Multicloud with terraform

Overview

The following project consists of the implementation of a 3-tier web application infrastructure on two different cloud service providers (CSPs), Aws and Azure using an Infrastracture as Code approach with Terraform. Then, the power of Terraform will be fully exploited by combining together the two infrastructures: using Azure Traffic Manager, a single entry point for the application will be provided, and the incoming traffic will be redirected to the Azure and Aws infrastructures in a round-robin fashion using the DNS-based traffic load balancer approach.

IaC with Terraform

Nowadays, the de-facto standard for IaC is Terraform which integrates with virtually all the available cloud providers and features a highly specialized domain-specific language called HCL. Terraform is a great tool with a very large community and a lot of open-source modules readily usable in the Terraform Registry.
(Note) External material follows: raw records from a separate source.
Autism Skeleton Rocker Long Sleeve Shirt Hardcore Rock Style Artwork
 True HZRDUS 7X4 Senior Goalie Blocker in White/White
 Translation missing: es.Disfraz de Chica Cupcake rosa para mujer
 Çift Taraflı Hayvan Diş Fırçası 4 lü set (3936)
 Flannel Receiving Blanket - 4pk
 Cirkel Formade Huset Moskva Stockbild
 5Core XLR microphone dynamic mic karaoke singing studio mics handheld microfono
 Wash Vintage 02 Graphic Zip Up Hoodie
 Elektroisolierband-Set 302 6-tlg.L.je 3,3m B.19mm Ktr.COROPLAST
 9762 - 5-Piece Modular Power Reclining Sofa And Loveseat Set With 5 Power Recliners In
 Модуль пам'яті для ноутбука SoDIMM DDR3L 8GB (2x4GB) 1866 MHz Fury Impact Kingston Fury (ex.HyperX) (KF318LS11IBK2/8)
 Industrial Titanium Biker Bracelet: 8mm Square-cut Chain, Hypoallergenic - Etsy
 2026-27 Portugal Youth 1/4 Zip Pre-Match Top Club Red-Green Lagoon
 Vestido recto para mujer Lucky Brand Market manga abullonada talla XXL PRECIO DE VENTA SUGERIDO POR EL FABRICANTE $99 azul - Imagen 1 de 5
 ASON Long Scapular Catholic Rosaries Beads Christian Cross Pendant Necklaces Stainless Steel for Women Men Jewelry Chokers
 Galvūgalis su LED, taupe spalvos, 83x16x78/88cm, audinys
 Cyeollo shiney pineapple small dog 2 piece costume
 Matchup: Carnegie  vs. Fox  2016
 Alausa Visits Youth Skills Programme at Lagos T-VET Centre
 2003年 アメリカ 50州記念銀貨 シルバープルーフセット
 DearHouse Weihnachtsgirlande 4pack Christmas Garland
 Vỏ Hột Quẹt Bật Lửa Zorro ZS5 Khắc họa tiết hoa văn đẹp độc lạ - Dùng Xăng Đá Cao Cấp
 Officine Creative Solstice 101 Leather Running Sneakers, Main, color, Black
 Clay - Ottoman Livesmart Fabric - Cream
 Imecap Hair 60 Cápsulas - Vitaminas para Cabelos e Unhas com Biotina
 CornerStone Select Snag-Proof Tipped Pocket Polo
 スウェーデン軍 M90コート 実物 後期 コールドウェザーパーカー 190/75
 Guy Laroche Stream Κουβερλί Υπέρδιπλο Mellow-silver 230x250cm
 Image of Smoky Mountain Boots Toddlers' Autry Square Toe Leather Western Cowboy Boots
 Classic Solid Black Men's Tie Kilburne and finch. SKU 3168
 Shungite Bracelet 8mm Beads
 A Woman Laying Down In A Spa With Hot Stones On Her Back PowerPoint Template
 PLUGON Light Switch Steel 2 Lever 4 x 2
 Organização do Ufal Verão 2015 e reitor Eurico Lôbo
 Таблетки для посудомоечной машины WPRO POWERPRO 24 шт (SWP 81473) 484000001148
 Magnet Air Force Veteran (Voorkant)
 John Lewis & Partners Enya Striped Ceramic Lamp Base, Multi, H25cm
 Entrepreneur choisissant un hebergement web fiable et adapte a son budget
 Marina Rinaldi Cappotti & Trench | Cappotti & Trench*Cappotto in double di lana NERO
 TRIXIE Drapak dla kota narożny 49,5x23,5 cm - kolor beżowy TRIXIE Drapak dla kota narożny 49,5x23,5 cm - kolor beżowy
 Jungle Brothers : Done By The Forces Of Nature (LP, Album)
It is developed by HashiCorp and written in GO language. It is one of the most popular Infrastructure-as-code (IaC) tools, used by DevOps teams to automate infrastructure tasks. It is used to automate the provisioning of your cloud resources. Terraform allows you to safely provision and manage multi-cloud infrastructure at the scale. It is used to write, plan, and create Infrastructure as Code. Since this is codified it enables operators to automate infrastructure creation and changes. The configuration can be stored in version control systems and collaborated on by teams of operators. This provides more consistency, reduces errors, and decreases time. Terraform allows us to declare configuration files that can be shared amongst team members, treated as code, edited, reviewed, and versioned. Using Infrastructure as Code, we can consistently provision your infrastructure.

The infrastructure

The infrastructure

Independently on the CSP, the infrastructure under study is an high available 3-tier web application, consisting of:

  • A frontend layer, hosting the a web page with which the user can interact. The frontend layer simply consists of a button showing a counter that is increased at each press.
  • A serverless backend layer, hosting the web application logic. In this case, the backend consists of a serverless function which is in charge of reading and writing the counter value from/to the database. The fontend layer can interact with the backend layer through a REST API using the READ method, to read the counter value from the database, or the POST method, to write the counter value to the database.
  • A non-relational managed database service, which interacts with the backend layer.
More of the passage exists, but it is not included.